First Time In Modern Turkish History: Jews Celebrate Hanukkah In Public Ceremony

Yoav Lemmer-Pool/Getty
Yoav Lemmer-Pool/Getty

TEL AVIV – For the first time in a century, Turkey’s Jewish community openly celebrated Hanukkah on Sunday with a candle-lighting ceremony in a main square in Istanbul, Turkey’s English-language newspaper the Daily Sabah reported

The celebration was organized by the Beşiktaş Municipality and attended by Mayor Murat Hazinedar who stated in a speech that “the Hanukkah candles enlighten the whole World.” Chief Rabbi İzak Haleva then lit the menorah for the eighth and final night of the festival.

The head of Turkey’s Jewish Community Ishak Ibrahimzadeh also spoke, offering “heartfelt thanks” to the Turkish state, Ministry of Foreign Affairs and other government officials, as well as “dear Turkey as a whole.”

Many members of Turkey’s Jewish community are Sefardi Jews whose ancestors sought refuge in the Ottoman Empire following the Spanish Inquisition at the end of the fifteenth century.
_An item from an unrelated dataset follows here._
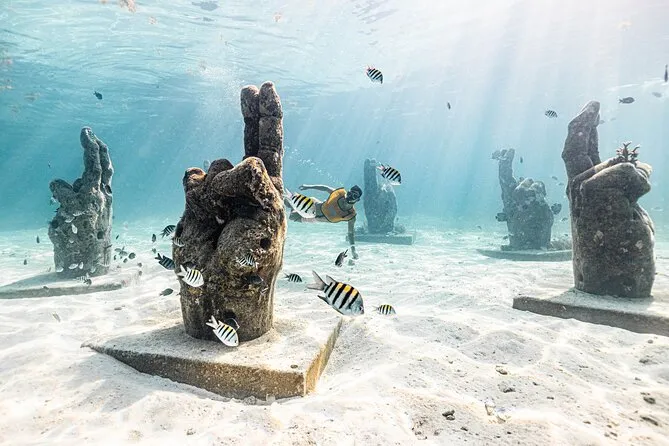 Sea turtle swimming over coral reef on a Cancun snorkeling tour — turtles are spotted on most reef trips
According to the Daily Sabah, reports that many Turkish Jews want to exploit Spain’s new law of return for descendants of the Spanish expulsion and emigrate there are false.

The Turkish Jewish community issued a statement refuting any claims of anti-Semitism on the part of the Turkish government, saying that “Pressure from the state is out of the question.”